To get a stamp of approval in making a motion picture thriller you have to
address three basic points of interest. Is it original? Is it predictable?
Do you care about the characters involved? This is pretty much the rule for
all movies but with thrillers there is a tendancy for the tension factor to
run higher than other films. 'Kiss the Girls' pretty much succeeds as a
clever film but it borders on repetition in many circumstances.

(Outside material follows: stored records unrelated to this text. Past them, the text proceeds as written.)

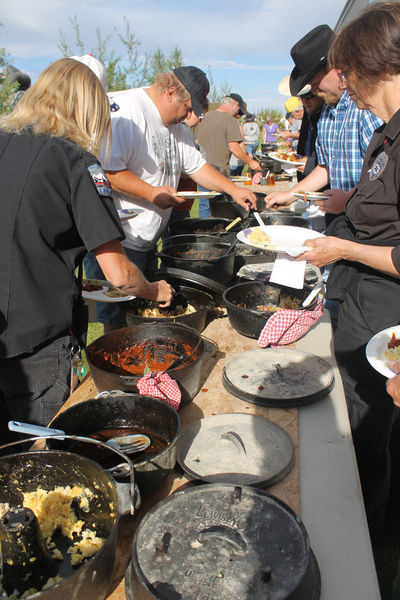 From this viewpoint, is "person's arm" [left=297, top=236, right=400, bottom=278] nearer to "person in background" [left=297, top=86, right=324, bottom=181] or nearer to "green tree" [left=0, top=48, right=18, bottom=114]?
"person in background" [left=297, top=86, right=324, bottom=181]

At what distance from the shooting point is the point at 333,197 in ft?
10.5

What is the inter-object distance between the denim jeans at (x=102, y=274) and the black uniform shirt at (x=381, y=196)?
1444 millimetres

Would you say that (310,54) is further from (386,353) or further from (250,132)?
(250,132)

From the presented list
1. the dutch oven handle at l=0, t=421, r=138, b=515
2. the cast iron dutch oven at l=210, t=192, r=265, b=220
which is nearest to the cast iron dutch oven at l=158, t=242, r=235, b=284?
the dutch oven handle at l=0, t=421, r=138, b=515

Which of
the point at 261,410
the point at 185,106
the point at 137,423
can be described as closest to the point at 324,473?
the point at 261,410

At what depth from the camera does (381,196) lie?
2020 mm

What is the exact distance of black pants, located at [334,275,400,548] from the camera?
220 centimetres

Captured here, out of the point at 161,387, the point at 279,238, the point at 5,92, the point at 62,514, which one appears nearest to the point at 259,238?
the point at 279,238

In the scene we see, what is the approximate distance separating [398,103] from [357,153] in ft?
4.26

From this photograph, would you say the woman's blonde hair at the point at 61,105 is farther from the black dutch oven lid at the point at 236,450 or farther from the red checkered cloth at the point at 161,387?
the black dutch oven lid at the point at 236,450

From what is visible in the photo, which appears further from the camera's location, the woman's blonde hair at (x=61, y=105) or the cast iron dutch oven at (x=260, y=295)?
the cast iron dutch oven at (x=260, y=295)

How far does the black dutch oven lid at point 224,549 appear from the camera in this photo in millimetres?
899

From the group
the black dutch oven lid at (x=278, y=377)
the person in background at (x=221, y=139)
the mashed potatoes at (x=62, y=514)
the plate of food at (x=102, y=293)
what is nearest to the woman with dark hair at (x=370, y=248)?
the black dutch oven lid at (x=278, y=377)

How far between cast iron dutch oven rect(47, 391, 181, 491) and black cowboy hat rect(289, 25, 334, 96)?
3194mm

The story begins in Washington D.C., and Morgan Freeman plays a D.C. police
oficer but his official title is forensic psychologist and his niece is
missing and the worst fear of the family is that she's dead. His search
takes him to North Carolina where the audience witnesses the abduction of a
young doctor (Ashley Judd) and she is taken to a forest hideaway where the
abductor has imprisoned young women separately like in a jail and taunts them
with promises of his sexual prowess.
As a movie critic I refuse to write spoiler reviews so you'll have to see the
rest of this movie to follow its sprawling second half. Morgan Freeman plays
the role of the cop in much the same fashion he did in 1995's 'Seven' and
since I despised that film, I tried to look deeper into the merits of this
film. It does have good psychological tension and Freeman does carry the
story well for most of the film and much credit should be given to Ashley
Judd whose portrayal of the victim is very convincing.
I don't know about you but the one thing I hate the most in story telling
whether it's a book, play, television piece or big screen movie is the red
herring factor. If you don't know what that means it refers to throwing
something at the audience without them seeing it coming. One of the most
intense recent examples of this was in 1996's 'From Dusk Till Dawn' which
started out as a great crime story but took a bizarre and ridiculous turn at
becoming a vampire flick with junky results. 'Kiss the Girls' has a unique
visual style and impressive direction by Gary Fleder who hints at what may
occur next without it being a dead giveaway.
'Kiss the Girls' re-unites Morgan Freeman with Cary Elwes who both appeared
in the American Civil War classic 'Glory' from 1989. Other members of the
cast include Tony Goldwyn and Jay O. Sanders. This movie is not recommended
for anyone that has ever had a criminal encounter involving abduction. It is
vividly shocking and contains chilling scenes of terror which is not for all
tastes. For others, you'll find it hard at times to leave your seat.